Hoje, sou conhecido pela designação de LHASA APSO, no entanto, nos primórdios da minha origem, designavam-me de APSO SENG KYE, que seria o equivalente a “CÃO DE SENTINELA QUE RUGE COMO LEÃO” em razão da minha missão original...

No místico Tibete, eu era o guardião dos portões do “Potala”, palácio do Dalai Lama, líder espiritual dos tibetanos, e das residências dos Ministros e dos membros mais proeminentes da sociedade tibetana. O meu trabalho era montar vigilância constante e prevenir a Guarda do Palácio sobre quaisquer aproximações inadequadas.

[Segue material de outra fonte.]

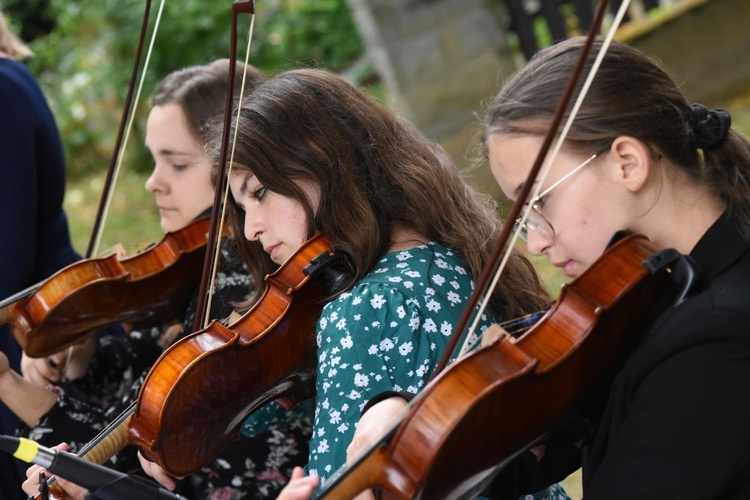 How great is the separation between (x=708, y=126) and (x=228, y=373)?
0.83m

Era um trabalho fácil. Meus aguçados sentidos de olfato e audição permitiam-me perceber dos mais suaves passos do lobo-do-himalaia ao tonitruante e seco pisado das cavalgaduras. Eu conseguia, inclusive, ouvir o cadenciado passo do “drong”, vulgarmente conhecido como IAQUE - um ruminante do gênero ‘Bovidae’ muito comum no Tibete - a quilômetros de distância, mesmo a despeito das camadas de neve que cobriam as montanhas mais altas da terra, o Himalaia, lar primário dos meus ancestrais.

Como vocês já perceberam a minha origem é nobre, começando pela designação da minha linhagem: LHASA APSO.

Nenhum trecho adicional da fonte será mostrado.